EXERCISE REQUIREMENTS: In the copy, include no images, and repeat each entry precisely as written.

───── THE RECORDS

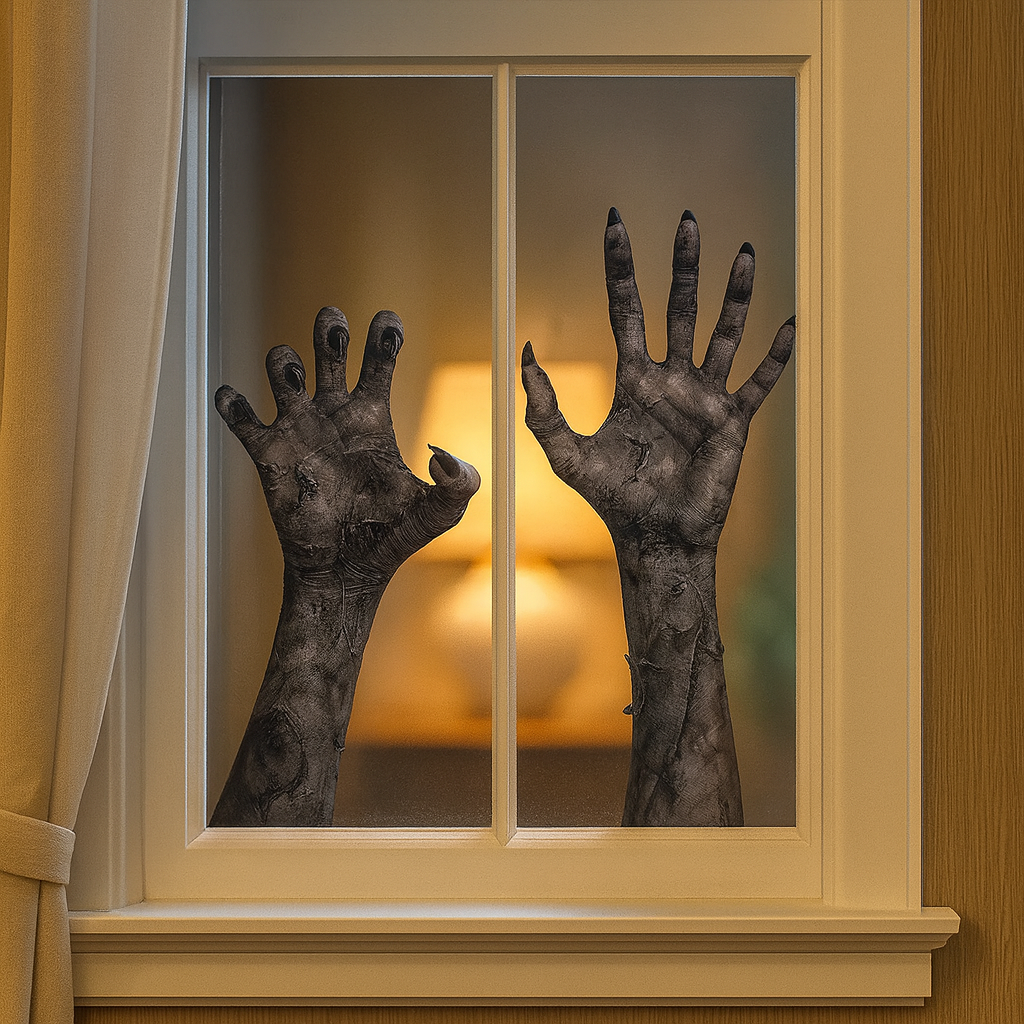 Uhyggelige zombie-hånd-vægklistermærker til Halloween – Mat PVC-vinduesdekoration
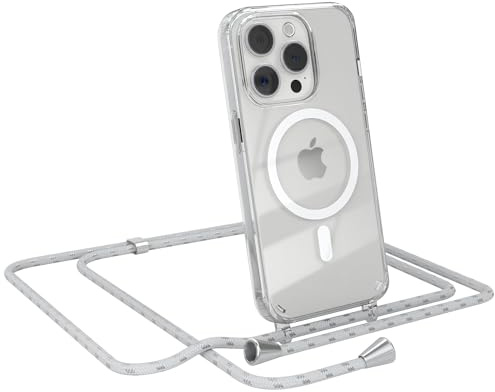 EAZY CASE - Handykette kompatibel mit iPhone 15 Pro Kette zum Umhängen Stoßfest Handyhülle für iPhone 15 Pro Silikon Hülle mit Band Handytasche Transparent als Fallschutz in Weiß/Silber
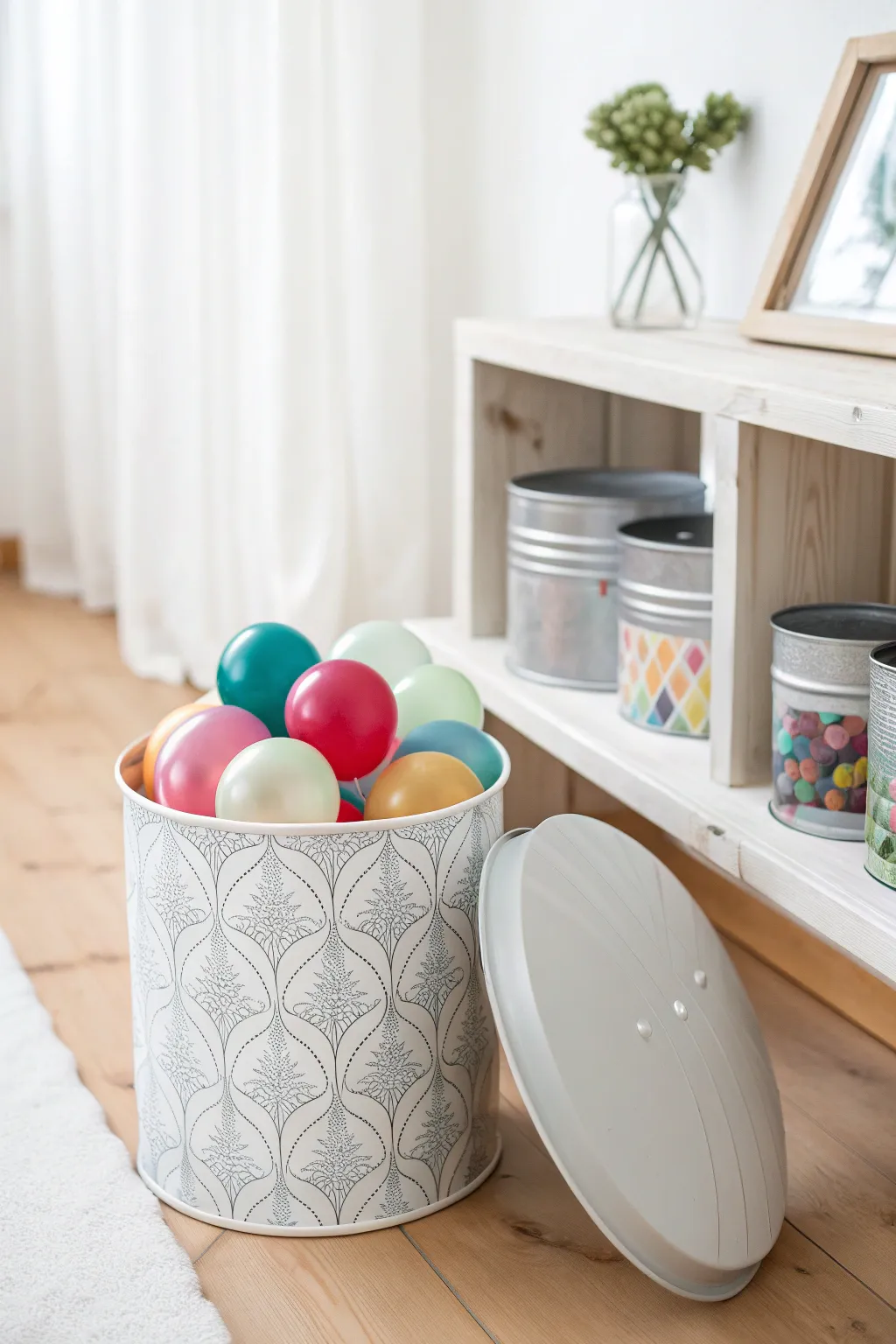 Elevate your storage game with chic recycled tins—where minimalism meets playful charm.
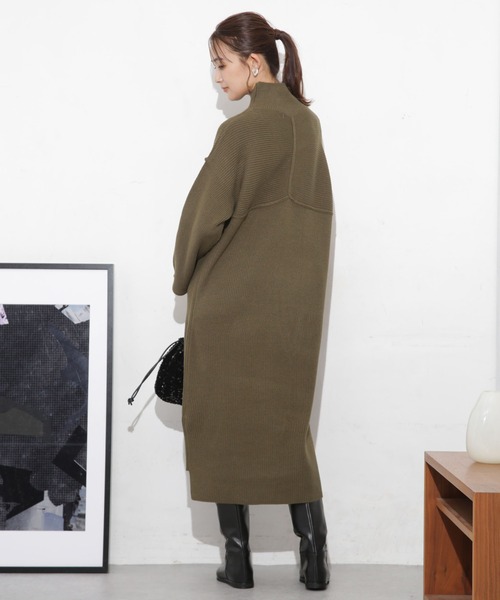 NANO universe（ナノユニバース）の「編地切り替えニットワンピース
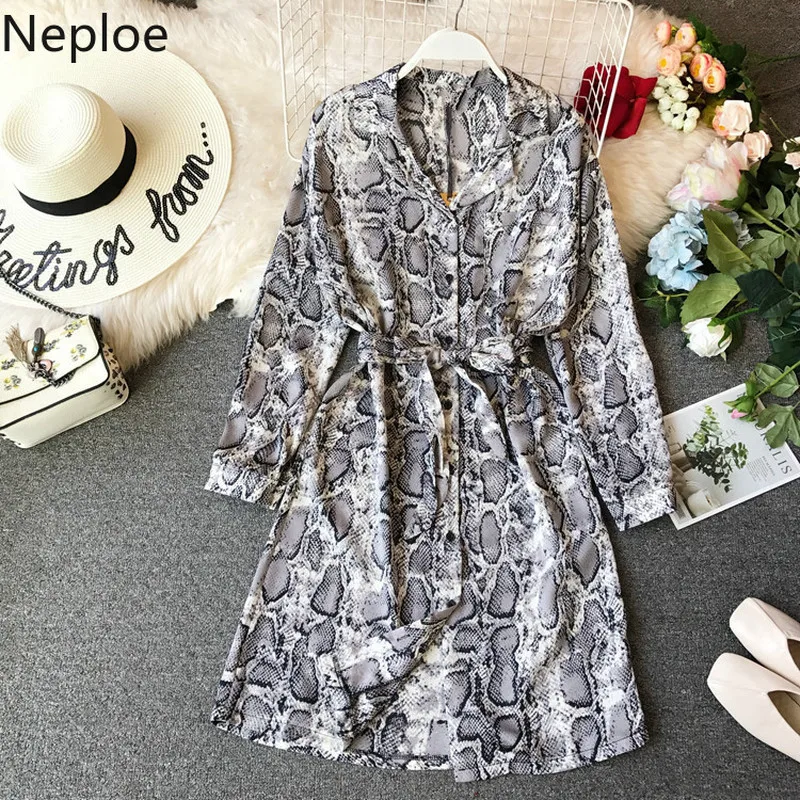 Женское однобортное платье Neploe с отложным воротником и длинным рукавом 44748 |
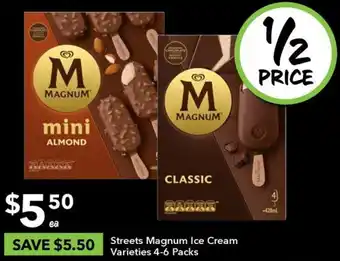 Ritchies Streets Magnum Ice Cream Varieties 4-6 Packs offer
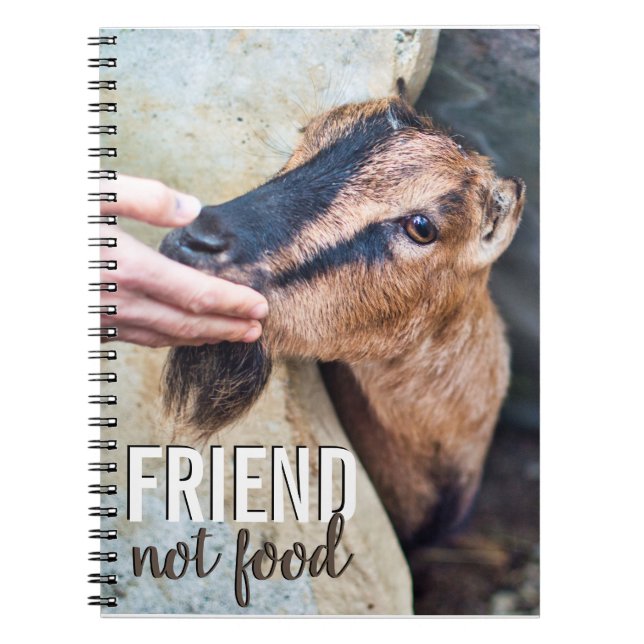 Cuaderno Amigo no comida vegana detengan la crueldad animal (Frente)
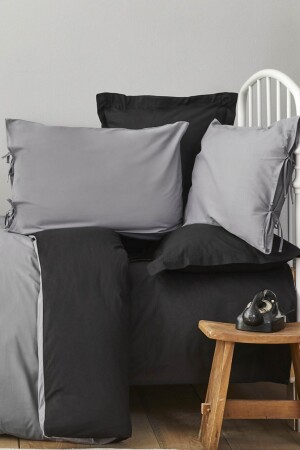 Basic-Bettbezug-Set für Einzelbett, 200, Schwarz, Dunkelgrau, 100 % Baumwolle, doppelseitig. 18. 01. 0729 - 6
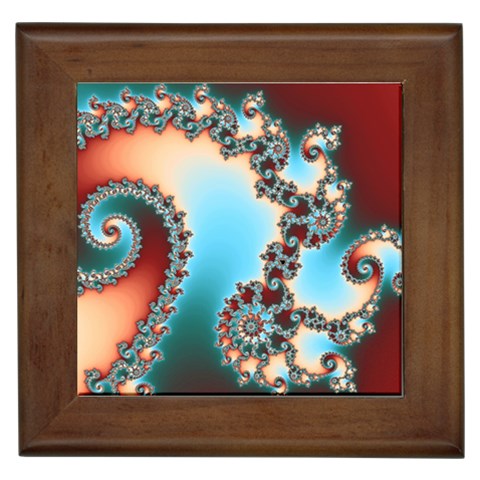 Fractal Spiral Art Math Abstract Framed Tile from ArtsNow.com Front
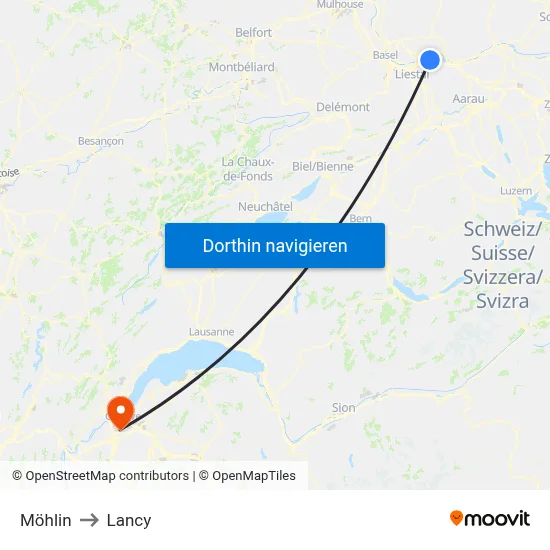 Möhlin to Lancy map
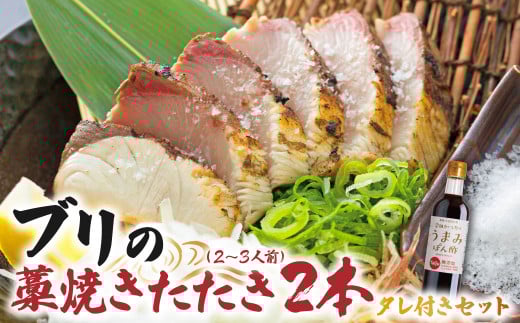 ブリの藁焼きたたき 2本(2~3人前)タレ付きのセット ぶり 切り身 フィレ 刺身 鰤 わら焼き タタキ たれ付き 宗田かつおのうまみぽん酢 魚 海鮮 シーフード 魚介 新鮮【R01396】高知県土佐清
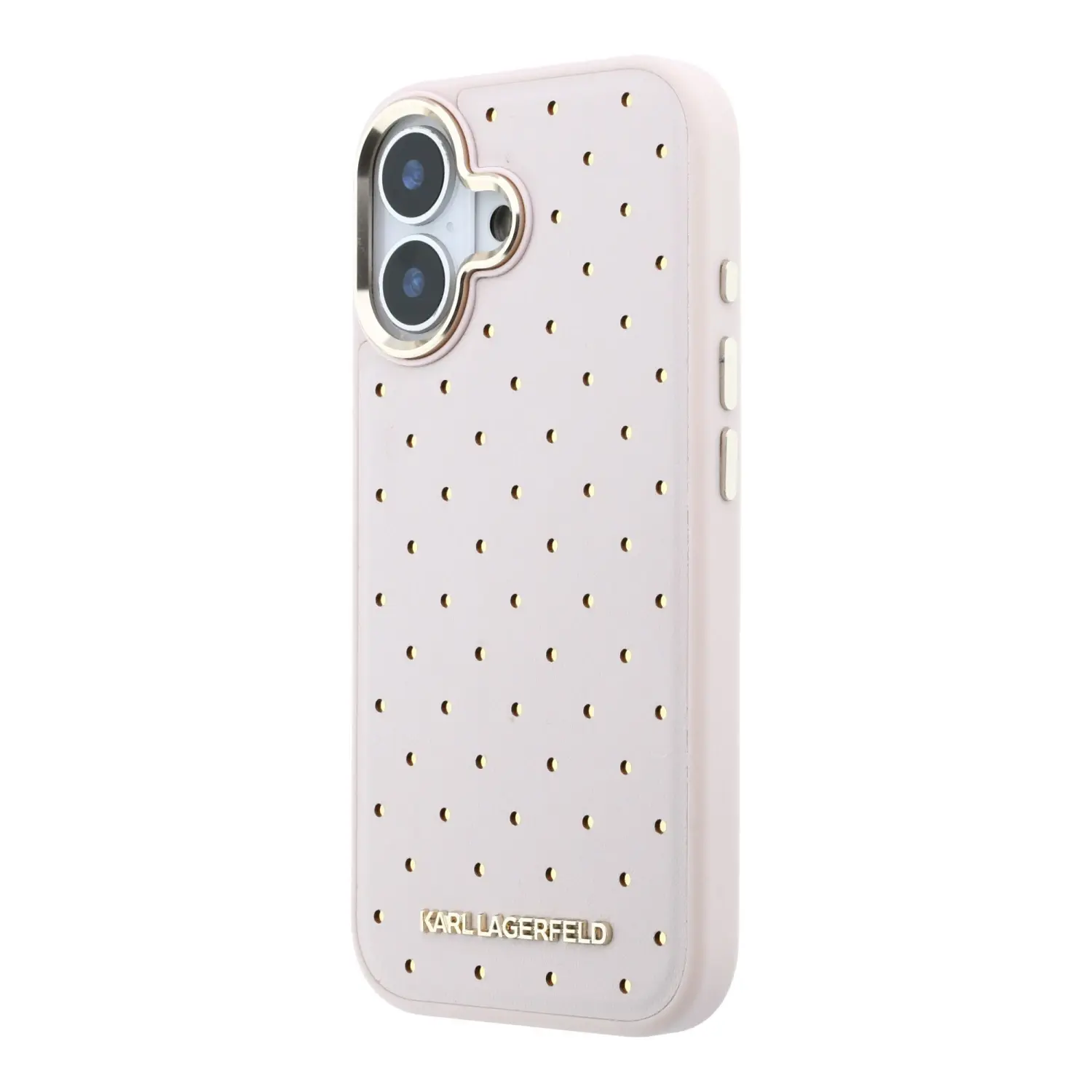Zadní kryt Karl Lagerfeld PU Perforated Gold Dots MagSafe pro Apple iPhone 17, růžová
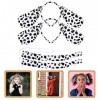 FOMIYES Deguisement Adulte 4 Pièces Chiot Chien Oreilles Bandeau Chien Cerceaux Queue Performance Costume Dalmatien Costume E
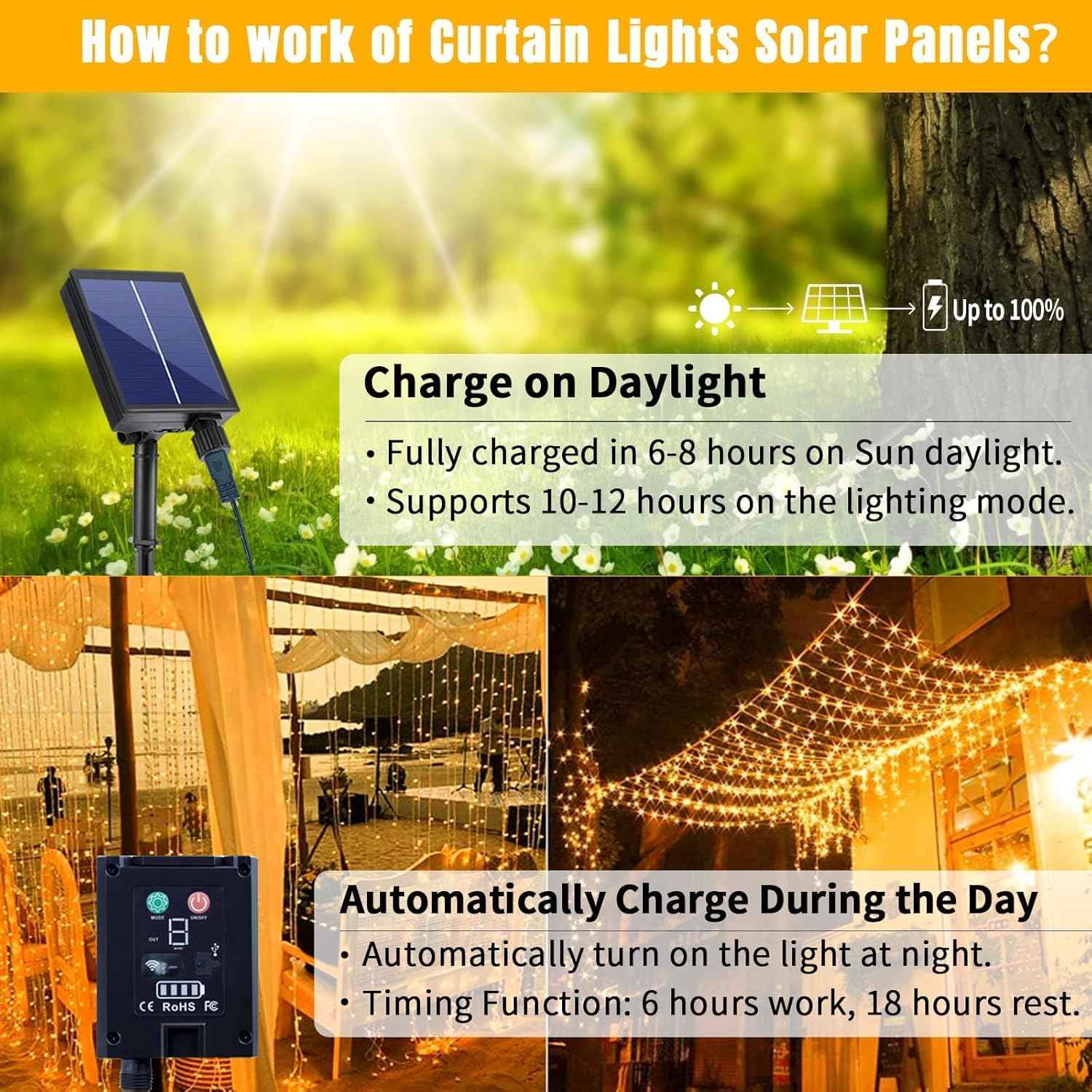 300LED Solar Curtain Lights Waterproof, 10Ft x 10Ft Twinkle Curtain String Fairy Light with Remote Control, 8 Modes, Warm White Solar Hanging Waterfall Lights for Outdoor Backdrop Gazebo Wall Xmas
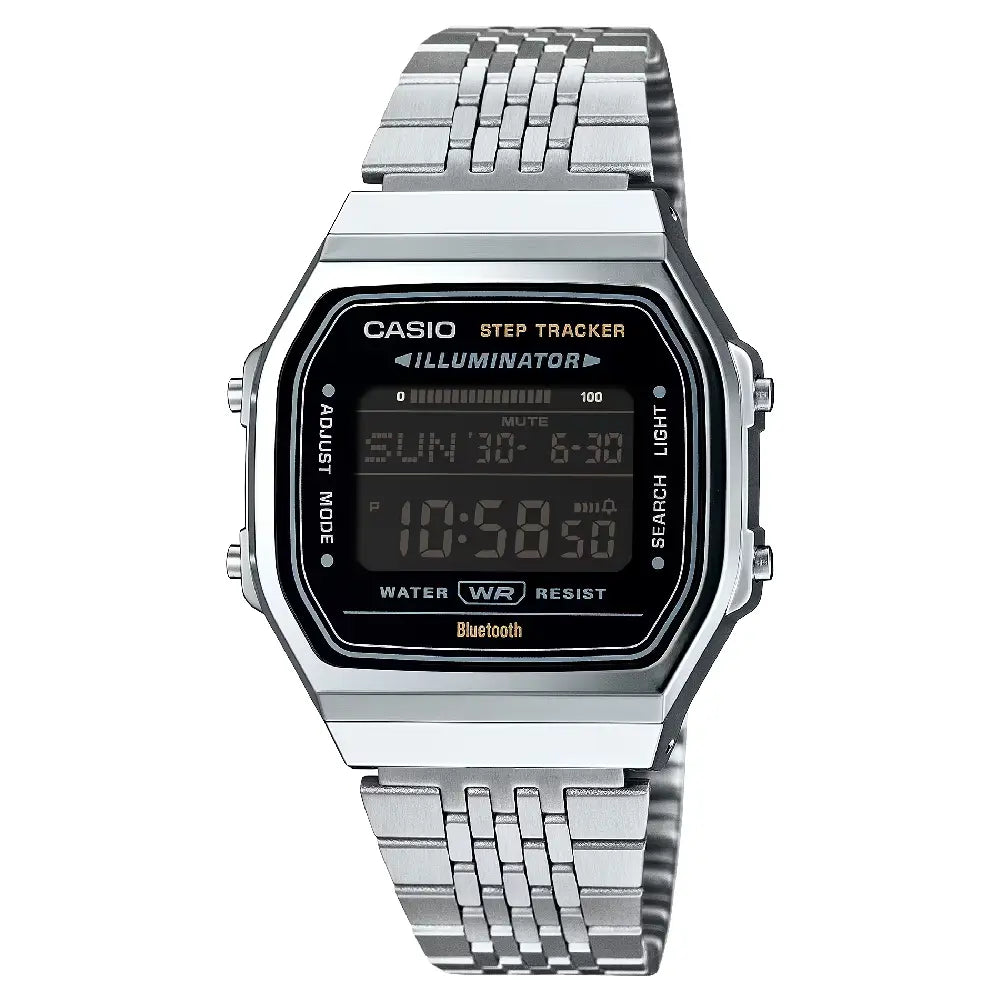 Casio Vintage Digital ABL-100WE-1BDF Bluetooth Black Dial Stainless Steel Unisex Watch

──────────

YOUR RESPONSE:
 Uhyggelige zombie-hånd-vægklistermærker til Halloween – Mat PVC-vinduesdekoration
 EAZY CASE - Handykette kompatibel mit iPhone 15 Pro Kette zum Umhängen Stoßfest Handyhülle für iPhone 15 Pro Silikon Hülle mit Band Handytasche Transparent als Fallschutz in Weiß/Silber
 Elevate your storage game with chic recycled tins—where minimalism meets playful charm.
 NANO universe（ナノユニバース）の「編地切り替えニットワンピース
 Женское однобортное платье Neploe с отложным воротником и длинным рукавом 44748 |
 Ritchies Streets Magnum Ice Cream Varieties 4-6 Packs offer
 Cuaderno Amigo no comida vegana detengan la crueldad animal (Frente)
 Basic-Bettbezug-Set für Einzelbett, 200, Schwarz, Dunkelgrau, 100 % Baumwolle, doppelseitig. 18. 01. 0729 - 6
 Fractal Spiral Art Math Abstract Framed Tile from ArtsNow.com Front
 Möhlin to Lancy map
 ブリの藁焼きたたき 2本(2~3人前)タレ付きのセット ぶり 切り身 フィレ 刺身 鰤 わら焼き タタキ たれ付き 宗田かつおのうまみぽん酢 魚 海鮮 シーフード 魚介 新鮮【R01396】高知県土佐清
Zadní kryt Karl Lagerfeld PU Perforated Gold Dots MagSafe pro Apple iPhone 17, růžová
 FOMIYES Deguisement Adulte 4 Pièces Chiot Chien Oreilles Bandeau Chien Cerceaux Queue Performance Costume Dalmatien Costume E
 300LED Solar Curtain Lights Waterproof, 10Ft x 10Ft Twinkle Curtain String Fairy Light with Remote Control, 8 Modes, Warm White Solar Hanging Waterfall Lights for Outdoor Backdrop Gazebo Wall Xmas
 Casio Vintage Digital ABL-100WE-1BDF Bluetooth Black Dial Stainless Steel Unisex Watch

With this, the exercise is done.